RSS

14 Mart 2010 Pazar

EDWARD SAİD / ORYANTALİZM'DEN SONRA



RP

Oryantalizm’le ilgili son sorumuz, kitabın esinlediği ve ‘sömürge söylemi’ adı altında süren çalışmalarla olan ilişkiniz hakkında. Oryantalizm, çoğunlukla yeni bir kuramsal türün temellerini atan bir çalışma olarak tanımlanıyor Ama bu tur şimdilerde sızın kitabınızın kuramsal varsayımları ve uygulamalarından pek çok bakımdan farklı olan yapısalcılık sonrası kuramın terimleriyle vurgulanıyor.

Said
Kesinlikle.

RP
Kimi kez de, ilginç bir biçimde, eleştirmenlerinizin sizi bağlantılandırdığı siyasal eğilimle bağlantılandırılıyor: ‘tersine oryantalizm’ ya da Batı ile ötekisi arasındaki hiyerarşik ilişkinin basit bir ters çevrilişi.
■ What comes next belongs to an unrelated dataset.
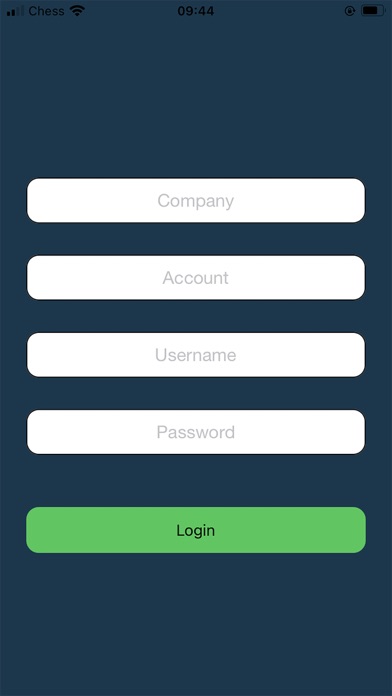SKTrack Screenshot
Bu ikisinin ortak noktası, Batı ile ‘öteki’si arasındaki ikili karşıtlığın sabitlenmesi ve bu iki ulamı bağdaşıldaştırıp her türlü tarihsel, coğrafi. siyasal özelliği ortadan kaldırma eğilimi: İlkinde, yapıbozumcu yaklaşımın katıksız olumsuzluğunun ötesine geçmeyi reddederek; ikincisindeyse, birbirinden bütünüyle farklı sömürge ilişkilerini siyasal olarak birbiri içinde eriterek. Bu gelişmeler konusunda ne düşünüyorsunuz?


Said
Oryantalizm’den yararlanılan yer sanırım, Afrikan, Hint, Japon vs. gibi söylem tiplerini doğuran, işgal biçimlerindeki kültürel öğeyle ilgilenen çalışmalar oldu —bu yerlerden söz edilmesinde dar bir anlam da da olsa önemli bir rolü olması bakımından. Artık, diyelim on dokuzuncu yüzyıl Afrika kaşiflerinin betimlemelerini, sanki yalnızca baktıkları şeyi görmüşler gözüyle okuyamazdınız. Bir bölgenin işgali söz konusu olduğunda ortak girişim kavramı da hesaba katılmalıydı. Oryantalizm, yararlı olduğunu düşündüğüm bu türden çalışmalara kaynaklık etti. Ancak kötü bir şeye daha yol açtı; kendi adıma niyet etmediğini ve hallettiğimi sanıp halledememiş olduğum bir şeye: Bağdaşıklaştırma sorununa. Sözgelimi Arap dünyasında pek çok kimse bana İslam’ın galibi gözüyle bakıyor, bu tamamen bir saçmalık. İslam’ı savunmaya çalışmıyordum. Yalnızca çok özel bir etkinlik biçiminden söz ediyordum: Temsil. O zaman sorun (kimilerinin öne sürdüğü gibi) şuna dönüştü: Gerçek Doğu’nun neye benzediğini anlatmadın. Bu nedenle yeni kitabımda yapmaya çalıştığım (diğerinde yapmamış olduğum), yalnızca emperyalizmden değil, bağımsızlaşma ve Üçüncü Dünya’da baş gösteren hareketlerden —her türlü başkaldırı ve direnişten— de söz etmek oldu.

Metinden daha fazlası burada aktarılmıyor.